Monday, November 4, 2013

Far Away but Always Near

We all have gone our separate ways; we grew from children to adults. We all have them now life, families, and even some us have a working marriage. At this time in life or this time of the year I’m not sure which it is.

I find myself reflecting about the friends I grew up with and the wonderful times we had. As we passed milestones throughout our lives I find, I had the best friends anyone could ask for, and yes they are all still around me, in my thoughts, prayers and during troubled times. Grade school is just memories of long joyful days, and fun filled times of youthful fancy.

I recall the wonderful friends, that helped me get through, and of course some of the ones that may not have been so great at the time, but became friends never the less in later years. There were fights in the schoolyard, bickering in the hallways, and snide comments in the classrooms. This was the way of things when we were children, and we were growing into the people we would someday become. Right or wrong, we got punished when we did something wrong, we were taken to task in the principal’s office our parents were called, and then punishment was administered so we would not commit the same wrong doing again. Although on some children, not even this method worked, but I’m glad to say it did on me.

 My true friends were so different, we probably looked like a kaleidoscope, and they changed by a turn of the tube. Some disappeared, while others faded into the background from one year to the next. Some would always be there, just within reach whenever I needed them or they needed me. I can honestly say I was not always the best friend they could have had, nor I’m sure they did have at different times throughout our school years.
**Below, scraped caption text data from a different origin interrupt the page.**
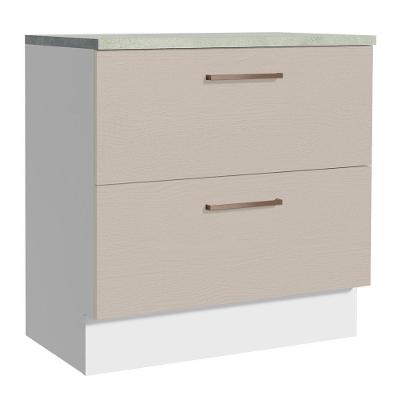 Balcão 80 Cm 2 Gavetas Branco/crema Agata Madesa Branco/crema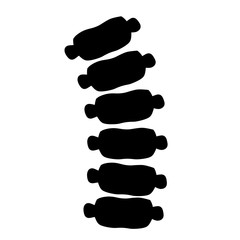 Black silhouette of spine on a white background. Medical care and x-rays of internal organs. Cartoon flat illustration. Bones in back. Intervertebral disc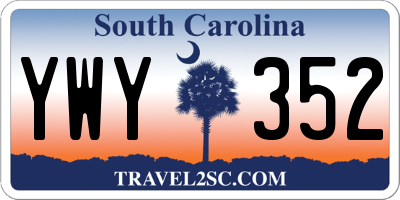 SC license plate YWY352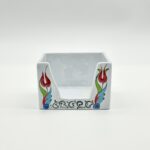 Handmade Ceramic Sticky Note Holder - Red Tulips & Spiral Vines - Iznik Desk Accessory - Image 4
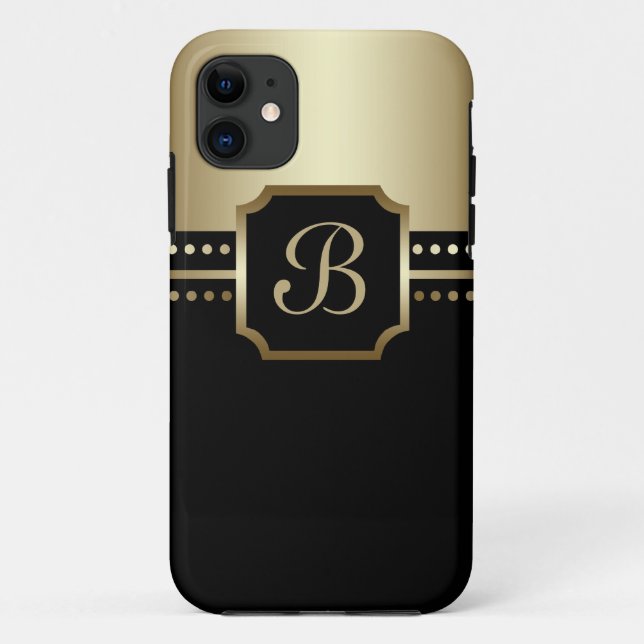 Eleganter schwarzer goldener Monogramm B iPhone Case-Mate iPhone Hülle (Rückseite)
 For with each passing year we tended to out grow many things, we changed and so did our wants, desires, and needs. Some of my friends passed me by for others, just as I gravitated towards a different or new person that I thought would be who I wanted in my life rather than my old friends that knew me as a child.

Junior high or Middle school as it has become named, was a transitional period for all my classmates as well as myself. Some of us who had been the followers wanted to change to leaders. Others who had been leaders were ready to follow a more prominent leader. Some of us looked toward an older generation, to develop the attitude, confidence and personally we thought we wanted within ourselves. Rebellion quickly occurred against others, who wanted us to stay the same. So as we turned the pages of our book, and one chapter lead into another, so did the events in our life. The colors and shapes of our own experiences changed daily, sometimes hourly making and breaking ties to family members and friends who once had been the foundation of our lives.
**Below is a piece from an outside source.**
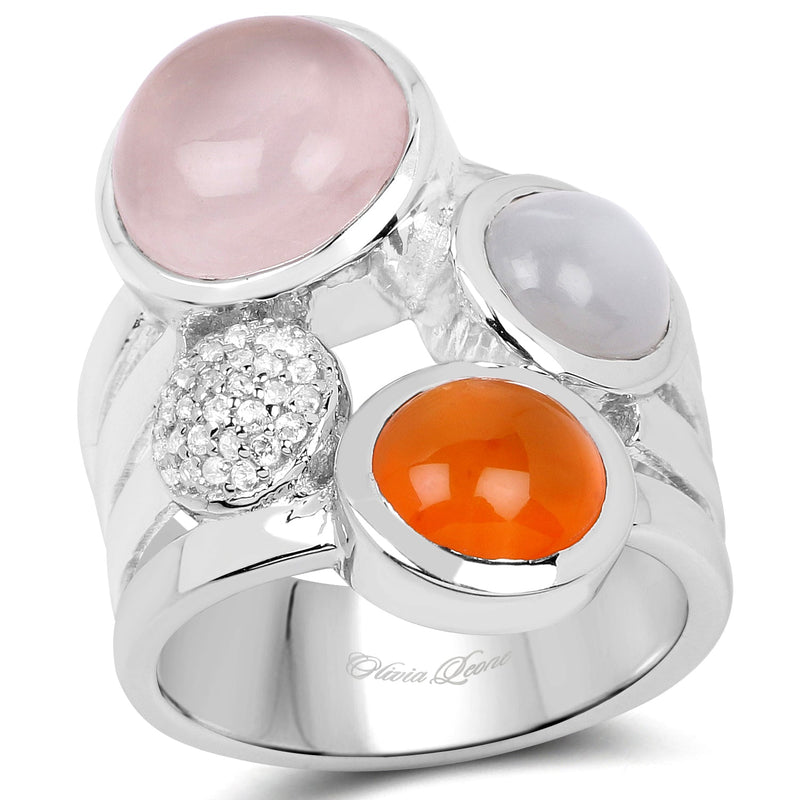 Bids.com 5.96 Carat Genuine Multi Stone .925 Sterling Silver Ring Rings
 I know without doubt my world seemed to change within minutes during my ninth grade and tenth grade year, where I had just barely touched on my rebellion in Junior high, now I hit it as a large stone would hit the water in a lake. The large splash caused many ripples throughout my family and friends. I made a lot of mistakes with the choices I made, but each mistake lead me to become the person I would later be proud of. So to say I regret them, I cannot. For with each wrong friend I picked, I also selected two right friends that have stood by me throughout my years into and after adulthood. The bad friends lasted for only moments in time, but each taught me a lesson that I would always remember. I found five more of my closest friends in tenth grade. These friends as well as some of my grade school and middle school friends have kept me balanced, connected and centered to who and what I have become.
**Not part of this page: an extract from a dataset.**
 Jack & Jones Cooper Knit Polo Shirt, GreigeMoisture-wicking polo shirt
 I have made many other friends throughout my adult life, and some of them have become mainstays they have kept me grounded when I would have floated out of existence, been there for me when I needed them. All of these people along with my father and children have been the shoulders I could cry on, the people who never judged me (too harshly) and the people I can depend on when I need someone to lean on. I thank God for each and every one of them daily.